• _Goal of the exercise_:
Your task is to repeat all of the data exactly while excluding the pictures.
*** Material for this task ***
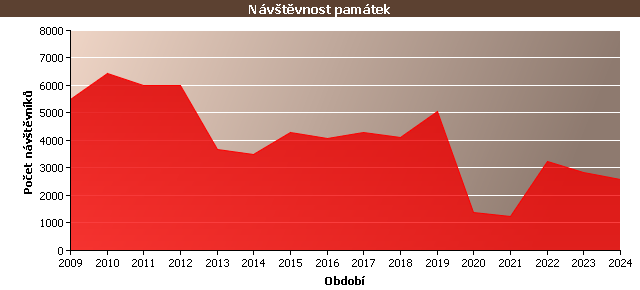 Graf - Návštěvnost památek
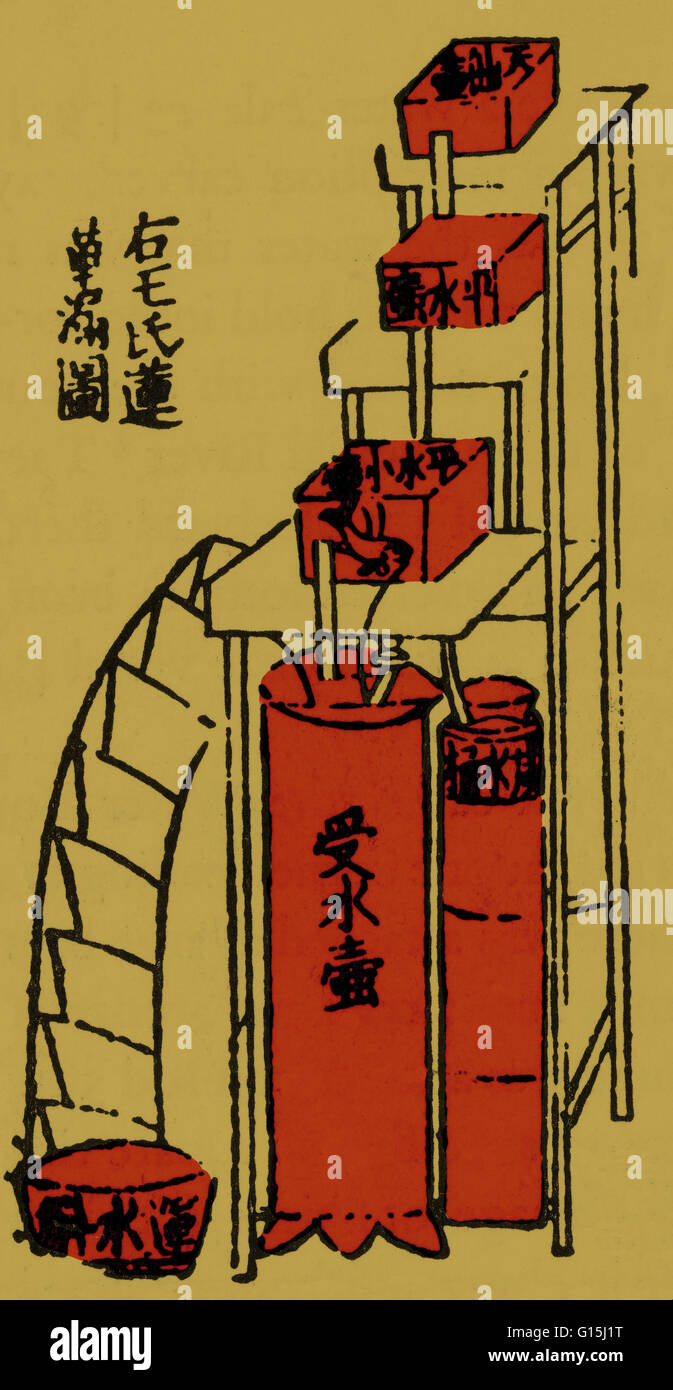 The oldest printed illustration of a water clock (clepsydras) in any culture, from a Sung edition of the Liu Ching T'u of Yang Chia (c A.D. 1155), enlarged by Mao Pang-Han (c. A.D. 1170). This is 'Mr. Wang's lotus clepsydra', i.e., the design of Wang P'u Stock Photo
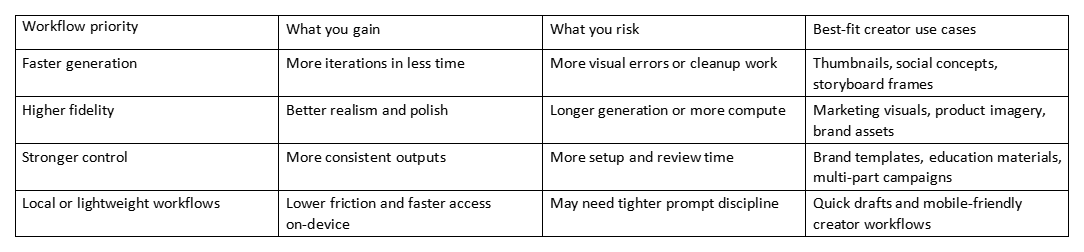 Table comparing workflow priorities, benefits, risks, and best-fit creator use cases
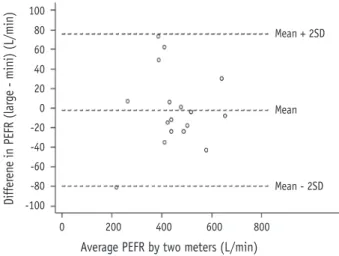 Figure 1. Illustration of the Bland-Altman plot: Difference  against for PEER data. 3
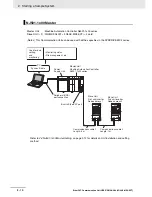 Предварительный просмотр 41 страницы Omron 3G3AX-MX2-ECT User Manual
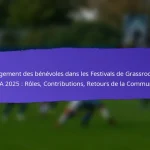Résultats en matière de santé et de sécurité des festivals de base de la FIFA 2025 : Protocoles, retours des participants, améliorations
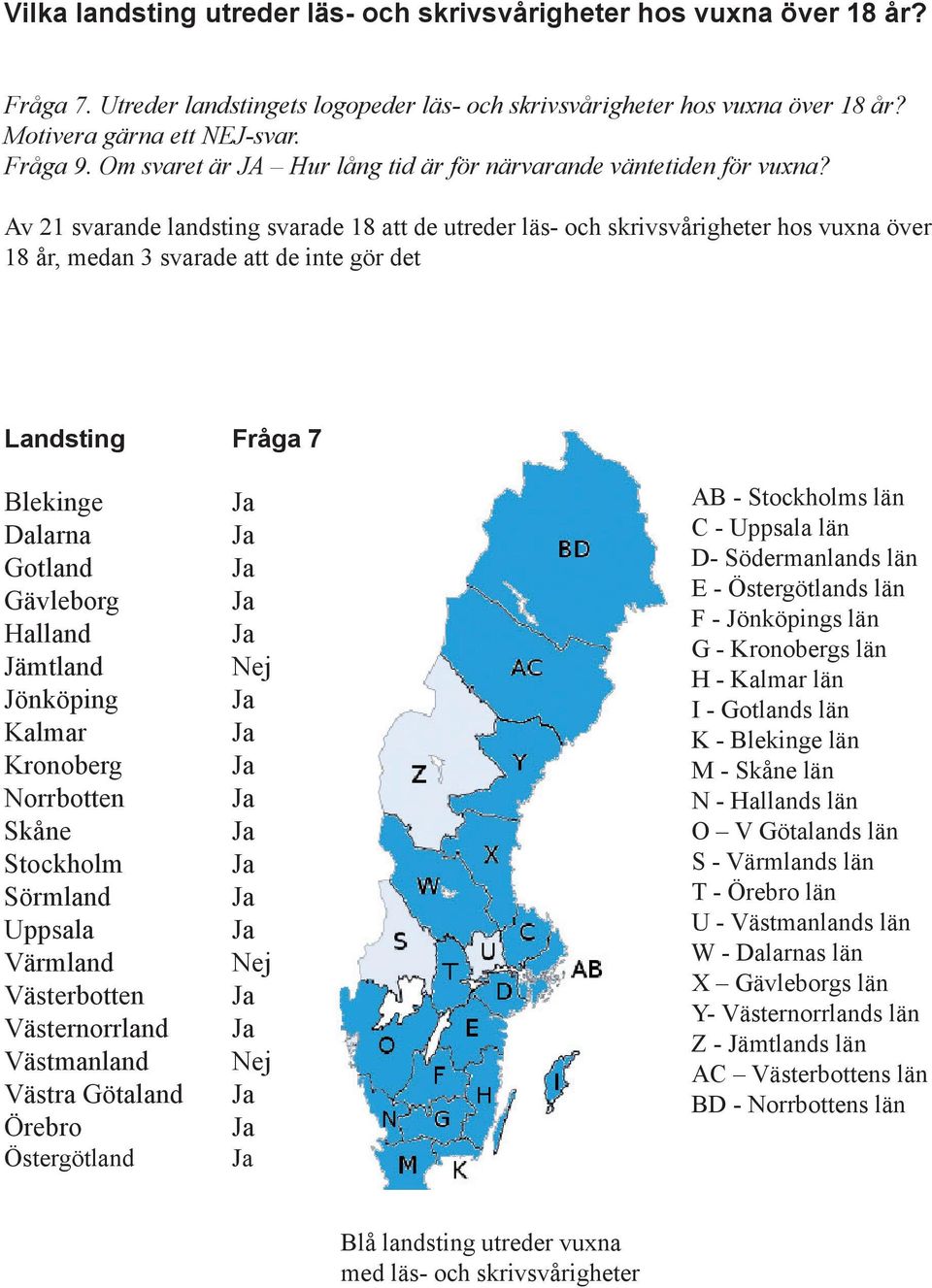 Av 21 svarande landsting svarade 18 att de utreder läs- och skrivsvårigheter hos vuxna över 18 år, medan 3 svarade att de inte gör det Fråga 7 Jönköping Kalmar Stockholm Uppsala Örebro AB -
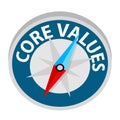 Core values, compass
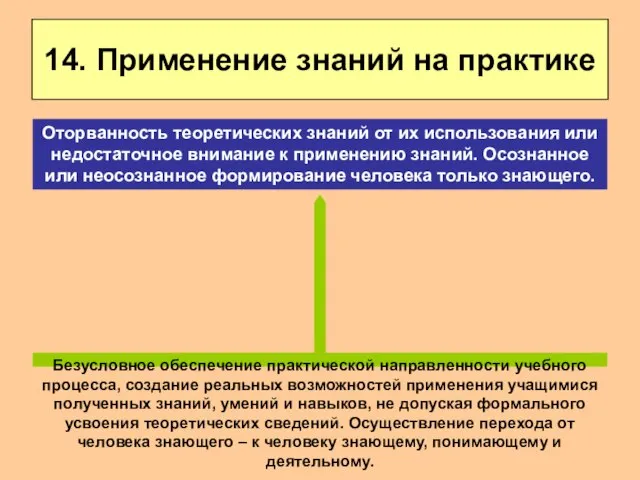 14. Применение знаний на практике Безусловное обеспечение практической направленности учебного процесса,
*** End of Material for this task ***
• _Solution to the problem_:
 Graf - Návštěvnost památek
 The oldest printed illustration of a water clock (clepsydras) in any culture, from a Sung edition of the Liu Ching T'u of Yang Chia (c A.D. 1155), enlarged by Mao Pang-Han (c. A.D. 1170). This is 'Mr. Wang's lotus clepsydra', i.e., the design of Wang P'u Stock Photo
 Table comparing workflow priorities, benefits, risks, and best-fit creator use cases
 Figure 1. Illustration of the Bland-Altman plot: Difference  against for PEER data. 3
 Предварительный просмотр 41 страницы Omron 3G3AX-MX2-ECT User Manual
Résultats en matière de santé et de sécurité des festivals de base de la FIFA 2025 : Protocoles, retours des participants, améliorations
 Av 21 svarande landsting svarade 18 att de utreder läs- och skrivsvårigheter hos vuxna över 18 år, medan 3 svarade att de inte gör det Fråga 7 Jönköping Kalmar Stockholm Uppsala Örebro AB -
 Core values, compass
 14. Применение знаний на практике Безусловное обеспечение практической направленности учебного процесса,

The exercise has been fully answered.